【目標】
・DX化による効率化をさらに実践することで,生徒だけでなく教員や保護者,有識者といった幅広い視点の自由記述データを蓄積し,テキストマイニングの精度を向上させるとともに,生徒の変容を経時的かつ多角的に分析する。この分析では即時的な分析と詳細な分析の2種類を行い,即時評価によるフィードバックを通して,生徒自身が取組を改善する機会を設定できるようにする。詳細な分析を通して,生徒の変容を評価するだけでなく,各取組の効果を検証し,取組の改善につなげる。
・確立した評価法によって,取組と生徒の変容を関連付けることで,伸長させたいコンピテンシーに合わせた取組の最適化が可能になる。さらに,全国へ発信する際にも一般化が可能になり,各校の実態に合わせて組み換えることができるパッケージングした教育モデルとなりうる。これは,体験的な学びや探究的な学びを必要としながらも,実践には踏み込めない地域及び全国の小,中学校や高等学校において一つの指針となることが期待される。中堅校である本校が,防災教育・地域教育を軸に,探究的な能力を向上させ,優れた科学技術人材を生み出す実績は,地域の科学技術人材の育成だけでなく,総合的な探究の時間・体験的な学びが求められる全国の高校へのマイルストーンとなることが期待される。
【仮説】
テキストマイニングを軸とした複合的な評価法は,体験的かつ探究的な学びにおける生徒の変容を量的・質的に評価することが可能であり,生徒の取組の改善や教育活動自体の改善に有効である。
【概要】
・第Ⅰ期で開発してきた,テキストマイニングとルーブリック評価に相互評価,パフォーマンス評価等を複合させることによって,体験的または探究的な学びを通して生じる点数化しにくい生徒の変容を客観的かつ複合的に評価することができる。
・体験的な学びの前後の自由記述におけるテキストマイニングによって,生徒の変容を評価し,その活動がどのような生徒を育成したいかといったねらいと合致しているか,それ以外の効果を生むものなのかを評価することができる。
・評価法の確立によって,生徒の変容が特に生じる要因を洗い出し,「実働型の科学的探究活動」を客観的なデータに基づいて一般化することができる。
【内容】
(1)評価法の開発
・本校で開発したテキストマイニングとルーブリック評価に他者評価や相互評価,自己評価を融合させることによって,複合的な評価法を確立するとともに,その確かさを実証する。加えて,効果的な生徒へのフィードバックの方法,相互改善の方法を開発する。(評価は六件法とする)

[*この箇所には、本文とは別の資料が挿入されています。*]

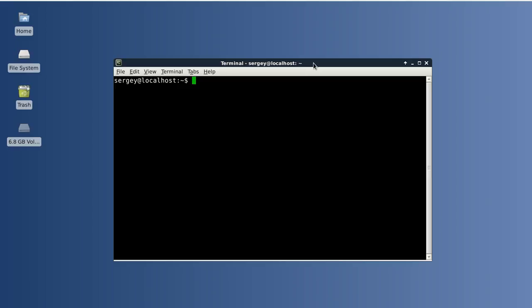And the third example: you may wish to have different versions of the same Python package. In that case, you can create two different environments and install each package with a different version in each environment.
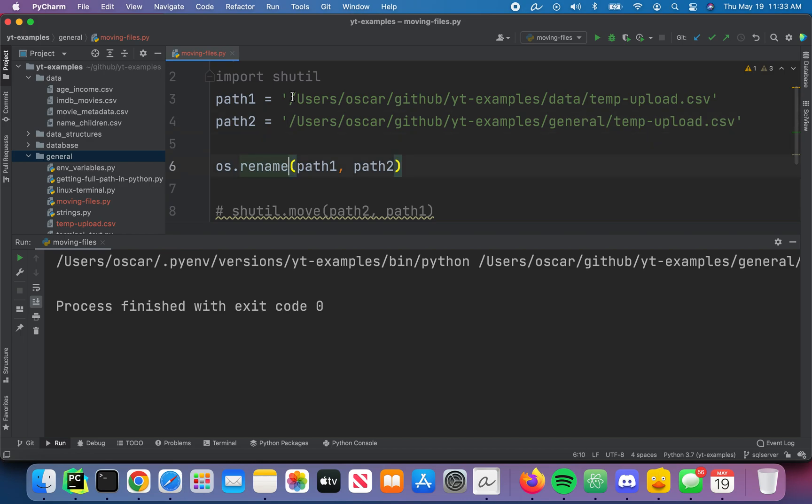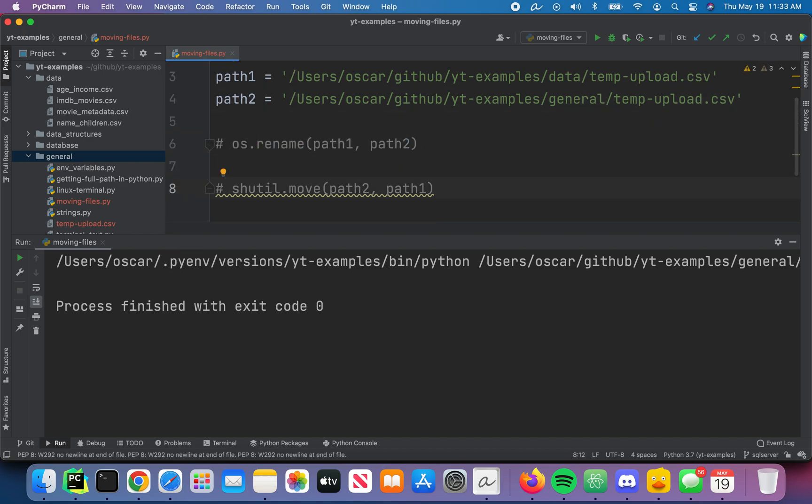We'll comment out os.rename. Because we're not moving from the original to the new path, now we're going to move it back from the new path to the original. And for shutil, it's move as opposed to rename.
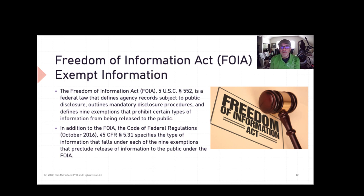Regarding CUI protection requirements: the NIST 800-171R2 with its full set of 110 controls is the applicable standard.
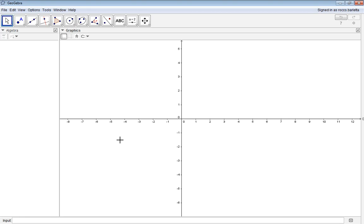For this video tutorial, we will learn how to set up GeoGebra to use and create isometric drawings.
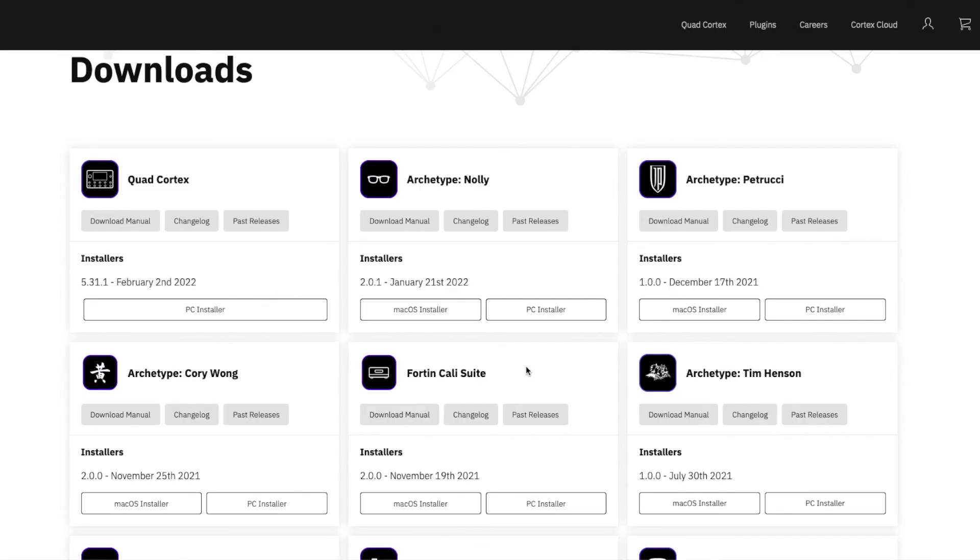So simply put, just delete the original file, download the new one and that's it. Alright hopefully that helps and I'll catch you next time.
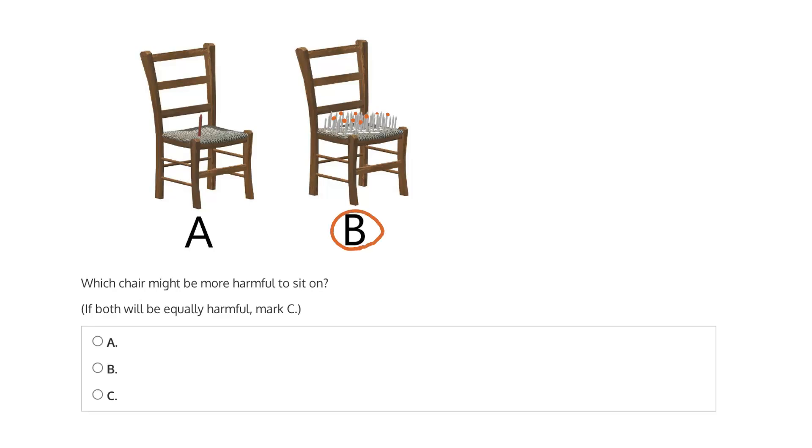Albeit uncomfortably, but without being harmed. So the more nails, the larger the contact area, and the less likely it is to be harmful.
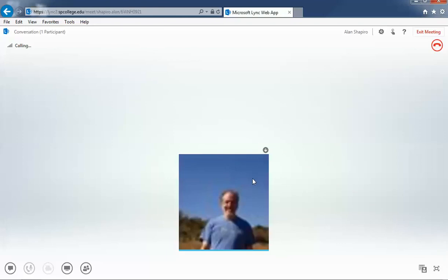Once you do that, it may take a second or so. You're going to see a picture or an icon, and you're in the meeting and ready to go.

・DX化の推進によって,生徒以外の視点からのデータも回収し,テキストマイニングをはじめとした評価の方法の精度を向上させる。
・コンピテンシーの変容に影響を与えた要因の分析・抽出を行い,実働型の科学的探究活動の一般化を行う。
(2)先進的な探究型教育・防災教育の発信
・実働型の科学的探究活動を地域の小・中学校へ教員研修等を通して発信する。
・防災パイロットスクールとして,防災教育を全国へ発信する。